貨車に積載されたコンテナは側面が開放されており、住民が家電製品を持ち込んでいるところでした。


収集時間が終わるのは夜の19時です。それまでE-Tramが動くことはないため走行するシーンを目にすることはできないわけですが、代わりに車両を観察することにしました。次に模型化することがあれば、その資料にしたいと思います。
まずは牽引車前面を正面から見ます。旅客車時代は路面電車らしくもっとオーバーハングがあったようですが、事業用車に改造された際にばっさりと切り落とされています。

雪かき機を取り付けるための座と、雪かき機の操作用ケーブルを接続するカラフルなプラグです。

扉のない側の側面です。



E-Tramの看板は、掛け替えられるようになっていました。”Cargo-Tram”用の看板もあるのでしょう。

連結器は、路面電車でよくみられるトーバーではなく、ピン式の密着連結器?が使われています。

扉がある側の側面です。



続いて貨車です。あくまで下回りとコンテナは別体のようで、ローダーで積み下ろしできるようにコンテナにはフックとローラーが設置されていました。

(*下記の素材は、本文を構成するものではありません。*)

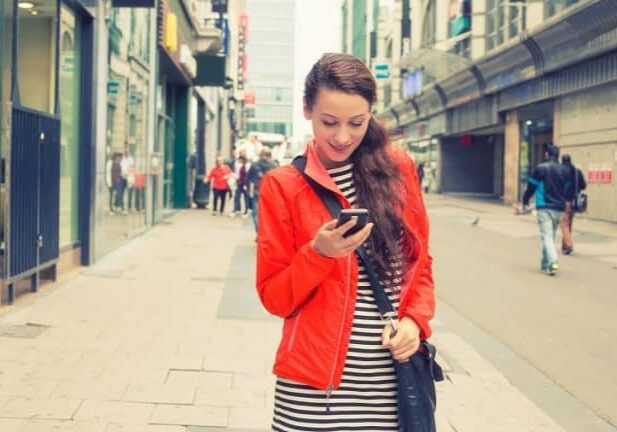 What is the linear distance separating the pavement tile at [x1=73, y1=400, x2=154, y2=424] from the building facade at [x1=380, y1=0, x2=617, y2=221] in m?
17.2

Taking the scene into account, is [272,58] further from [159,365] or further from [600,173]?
[159,365]

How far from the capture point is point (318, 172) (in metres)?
2.16

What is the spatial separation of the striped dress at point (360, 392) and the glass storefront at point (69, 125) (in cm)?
781

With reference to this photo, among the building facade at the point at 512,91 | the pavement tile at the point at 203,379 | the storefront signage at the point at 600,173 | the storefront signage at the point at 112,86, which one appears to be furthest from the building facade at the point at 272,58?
the pavement tile at the point at 203,379

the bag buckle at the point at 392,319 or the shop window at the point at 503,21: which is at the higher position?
the shop window at the point at 503,21

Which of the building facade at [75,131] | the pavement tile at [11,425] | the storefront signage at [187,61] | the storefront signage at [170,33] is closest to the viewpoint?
the pavement tile at [11,425]

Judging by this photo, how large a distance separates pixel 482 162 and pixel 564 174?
32.9m

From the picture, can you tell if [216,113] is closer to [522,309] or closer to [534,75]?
[534,75]

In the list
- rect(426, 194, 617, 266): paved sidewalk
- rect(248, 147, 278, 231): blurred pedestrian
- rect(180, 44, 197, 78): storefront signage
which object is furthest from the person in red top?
rect(426, 194, 617, 266): paved sidewalk

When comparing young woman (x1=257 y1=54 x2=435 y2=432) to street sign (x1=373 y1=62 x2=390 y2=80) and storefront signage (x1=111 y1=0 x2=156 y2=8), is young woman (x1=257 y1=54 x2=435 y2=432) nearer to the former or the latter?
storefront signage (x1=111 y1=0 x2=156 y2=8)

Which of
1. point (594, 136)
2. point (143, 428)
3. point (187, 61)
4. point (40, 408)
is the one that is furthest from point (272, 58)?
point (143, 428)

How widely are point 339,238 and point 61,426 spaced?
2.93 m

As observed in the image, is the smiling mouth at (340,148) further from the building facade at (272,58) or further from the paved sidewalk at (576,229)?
the building facade at (272,58)

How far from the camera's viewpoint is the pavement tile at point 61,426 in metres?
4.18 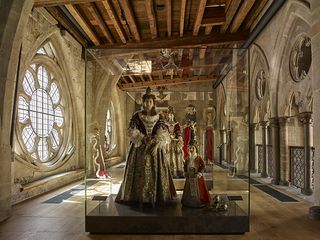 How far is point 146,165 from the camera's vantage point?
13.9ft

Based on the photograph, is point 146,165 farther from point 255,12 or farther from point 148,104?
point 255,12

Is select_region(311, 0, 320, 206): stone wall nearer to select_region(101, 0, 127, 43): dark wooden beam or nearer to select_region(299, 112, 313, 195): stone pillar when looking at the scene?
select_region(299, 112, 313, 195): stone pillar

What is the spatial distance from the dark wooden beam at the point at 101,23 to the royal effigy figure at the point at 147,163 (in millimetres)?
3559

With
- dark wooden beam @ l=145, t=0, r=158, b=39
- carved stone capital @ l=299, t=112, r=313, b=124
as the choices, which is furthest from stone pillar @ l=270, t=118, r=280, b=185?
dark wooden beam @ l=145, t=0, r=158, b=39

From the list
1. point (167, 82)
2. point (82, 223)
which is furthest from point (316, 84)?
point (82, 223)

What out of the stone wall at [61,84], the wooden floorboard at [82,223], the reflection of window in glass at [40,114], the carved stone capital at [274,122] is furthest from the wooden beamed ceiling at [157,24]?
the carved stone capital at [274,122]

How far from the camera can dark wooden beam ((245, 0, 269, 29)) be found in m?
7.66

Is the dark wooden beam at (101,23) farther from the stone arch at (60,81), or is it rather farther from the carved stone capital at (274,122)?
the carved stone capital at (274,122)

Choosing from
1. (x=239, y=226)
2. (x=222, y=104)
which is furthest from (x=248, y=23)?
(x=239, y=226)

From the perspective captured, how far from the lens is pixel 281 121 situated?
7555 mm

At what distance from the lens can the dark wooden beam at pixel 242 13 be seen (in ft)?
23.4

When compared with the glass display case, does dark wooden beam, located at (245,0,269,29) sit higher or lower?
higher

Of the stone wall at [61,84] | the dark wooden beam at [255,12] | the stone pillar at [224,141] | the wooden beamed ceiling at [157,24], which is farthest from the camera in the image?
the dark wooden beam at [255,12]

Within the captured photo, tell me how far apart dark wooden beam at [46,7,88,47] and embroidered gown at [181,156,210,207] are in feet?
16.6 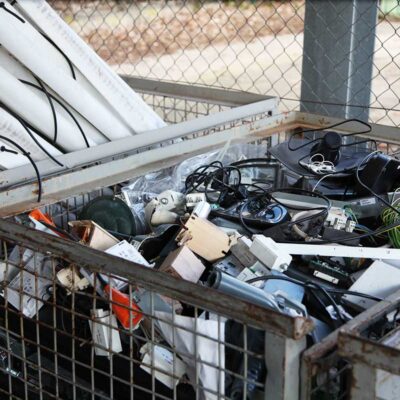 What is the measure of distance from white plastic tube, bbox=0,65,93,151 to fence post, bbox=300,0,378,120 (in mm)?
1100

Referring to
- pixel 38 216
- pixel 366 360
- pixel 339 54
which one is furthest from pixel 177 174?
pixel 366 360

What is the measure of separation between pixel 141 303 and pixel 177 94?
4.70ft

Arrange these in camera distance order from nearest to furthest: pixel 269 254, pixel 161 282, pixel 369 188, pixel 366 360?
pixel 366 360, pixel 161 282, pixel 269 254, pixel 369 188

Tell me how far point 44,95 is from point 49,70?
0.08 metres

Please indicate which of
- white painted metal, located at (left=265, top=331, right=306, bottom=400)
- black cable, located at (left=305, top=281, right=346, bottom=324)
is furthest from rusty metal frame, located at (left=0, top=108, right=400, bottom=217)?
white painted metal, located at (left=265, top=331, right=306, bottom=400)

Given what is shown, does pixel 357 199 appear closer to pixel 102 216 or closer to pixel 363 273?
pixel 363 273

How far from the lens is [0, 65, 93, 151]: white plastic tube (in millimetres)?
1974

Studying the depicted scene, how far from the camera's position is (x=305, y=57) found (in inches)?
120

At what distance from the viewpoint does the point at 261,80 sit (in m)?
6.16

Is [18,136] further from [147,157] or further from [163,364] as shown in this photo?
[163,364]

最後に、営業列車のCobraと並ぶ姿を写真に収めてから、Seebachを後にしました。


ごみ収集スケジュール以外、運行ダイヤが公開されているわけではなく、よそ者には謎が多いCargo-Tram/E-Tramですが、今回は出庫や収集の様子を目にすることができ、貴重な機会となりました。これからも長く走ってほしいと思います。